Archivo

Archive for the ‘Social media’ Category

Semantic Analysis and Big Data to understand Social TV

25 noviembre, 2013 1 comentario

We recently participated in the Big Data Spain conference with a talk entitled “Real time semantic search engine for social TV streams”. This talk describes our ongoing experiments on Social TV and combines our most recent developments on using semantic analysis on social networks and dealing with real-time streams of data.

Social TV, which exploded with the use of social networks while watching TV programs is a growing and exciting phenomenon. Twitter reported that more than a third of their firehose in the primetime is discussing TV (at least in the UK) while Facebook claimed 5 times more comments behind his private wall. Recently Facebook also started to offer hashtags and the Keywords Insight API for selected partners as a mean to offer aggregated statistics on Social TV conversations inside the wall.

As more users have turned into social networks to comment with friends and other viewers, broadcasters have looked into ways to be part of the conversation. They use official hashtags, let actors and anchors to tweet live and even start to offer companion apps with social share functionalities.

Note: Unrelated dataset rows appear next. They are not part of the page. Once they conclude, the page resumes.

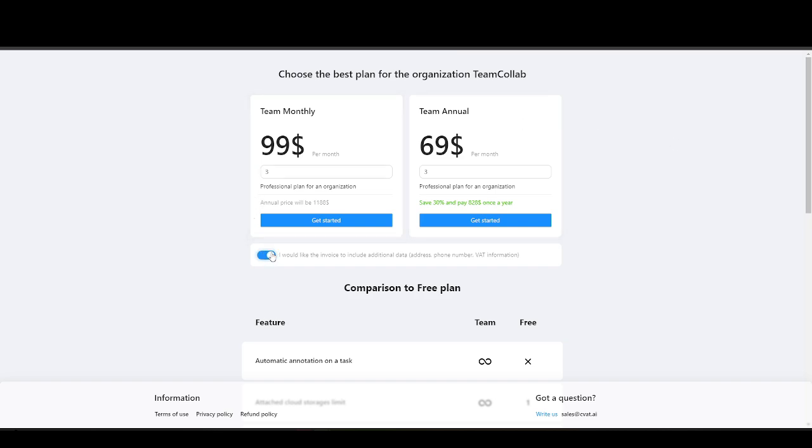Don't forget to enable the include payment information on the invoice option. Remember, you will need to pay for each seat. For example, if your team consists of you and two annotators, you will need to pay for three seats.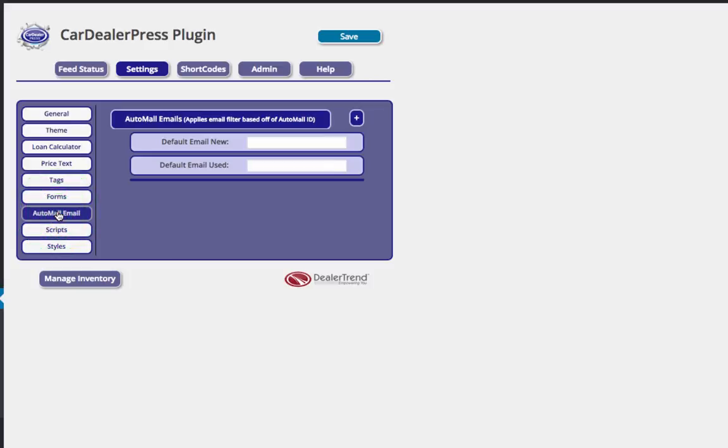Auto malls is when you have multiple dealerships, once again, on the site that the leads need to go to the respective dealer based off of the location of the vehicle. That's what this would be for. You can actually segment those and make sure that the routing is all taken care of.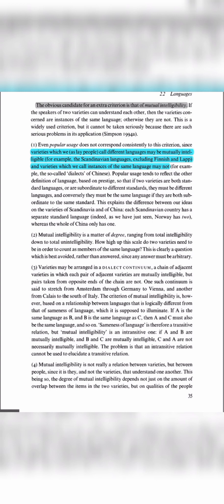The second point is that mutual intelligibility is a matter of degree, ranging from total intelligibility down to total unintelligibility. Total unintelligibility can be called 0% and total intelligibility can be called 100%. The flexibility may be less — 10%, 20%, or 70% — so it cannot be a fixed binary criterion.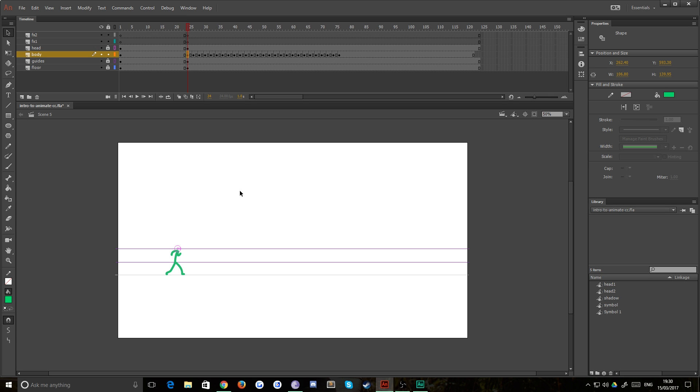Hello everybody and welcome back to TipTut and welcome back to Intro to Adobe Animate. We did a lot last time with a bunch of frame by frame animation.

While the concept of socializing around TV is not new, the possibility to measure and distill the information around these interactions opens up brand new possibilities for users, broadcasters and brands alike.  Interest of users already fueled Social TV as it fulfills their need to start conversations with friends, other viewers and the aired program. Chatter around TV programs may help to recommend other programs or to serve contextually relevant information about actors, characters or whatever appears in TV.  Moreover, better ways to access and organize public conversations will drive new users into a TV program and engage current ones.

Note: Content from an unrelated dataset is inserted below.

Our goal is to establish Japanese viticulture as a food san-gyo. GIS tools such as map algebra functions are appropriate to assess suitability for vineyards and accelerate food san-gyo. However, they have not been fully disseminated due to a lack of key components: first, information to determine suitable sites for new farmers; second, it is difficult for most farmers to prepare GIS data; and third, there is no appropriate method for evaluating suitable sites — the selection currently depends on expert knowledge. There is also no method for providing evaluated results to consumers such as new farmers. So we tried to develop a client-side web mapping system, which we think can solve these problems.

On the other hand, understanding the global conversation about a program is definitely useful to acquire insights for broadcasters and brands. Broadcasters and TV producers may measure their viewers preferences and reactions or their competence and acquire complementary information beyond plain audience numbers. Brands are also interested in finding the most appropriate programs to reach their target users as well as understand the impact and acceptance of their ads. Finally, new TV and ad formats are already being created based on interaction and participation, which again bolster engagement.

In our talk, we describe a system that combines natural language processing components from our Textalytics API and a scalable semi-structured database/search engine, SenseiDB, to provide semantic and faceted search, real-time analytics and support visualizations for this kind of applications.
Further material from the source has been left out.